Perhaps I misunderstand the context of Goldstein's writing, but work due to friction should be negative:

Friction always acts antiparallel to the displacement/velocity. So, when computing work from friction, drag, etc, you find that

$$ W = \oint \mathbf{F} \cdot d\mathbf{r} = \oint (F\cos\theta) dr, $$

where $\theta$ is the angle between the friction $\mathbf{F}$ and $d\mathbf{r}$. Because friction acts antiparallel, $\theta = \pi$ and $\cos\theta = -1$ always. Then,

$$ W = - \oint Fdr, $$

which is always negative because $F$ and $dr$ are vector magnitudes, and thus always positive. This is why friction is dissipative, it steals energy from the system in the form of heat and deformation. Even in the case of a line integral as presented here, each component/leg should be negative thus creating a total negative work.

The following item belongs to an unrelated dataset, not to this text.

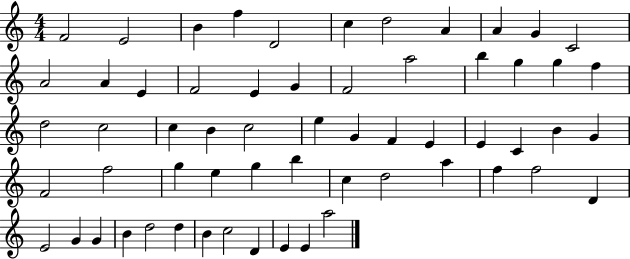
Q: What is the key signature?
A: C major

Of course it makes sense that the friction force is nonconservative -- the work expelled certainly depends on the path. If you have ever moved furniture into a new apartment, of course you push it the shortest possible path, for this minimizes the energy you need. If you push it around aimlessly you will expend more energy than needed.

Answer 2

Indeed, it's an errata. You can find a list of them here.

Answer 3

Of Course, I also have the same question. Technically the work done by friction is negative and what that means is the decrease in the energy of the system. But there is similar principle in thermodynamics that decrease in the energy of the system is due to the positive work done by the system. So if we consider a system in which there are frictional forces in action, then the energy of the system must decrease and that decrease in the energy is reflected like the positive work has been done by the frictional forces in that system.

Answer 4

The force of friction, a vector, opposes the actual or impending motion, and the work done by friction can be positive or negative depending on the situation.

We are addressing the mechanical work done by friction on the system $\int_{a}^{b} \vec F \cdot d \vec s$. Typically, physics mechanics assume a rigid body for which there are no "heating" effects (no change in internal energy).

Thermodynamics broadens the definition of work to be "energy transferred between a system and its surroundings, without mass transfer, due to an intensive property difference other than temperature". This broader definition of work includes mechanical work. Work, and heat, can change the internal energy of a system. The work done by the system is the negative of the work done on the system.

For friction, we are addressing the mechanical work done on the system.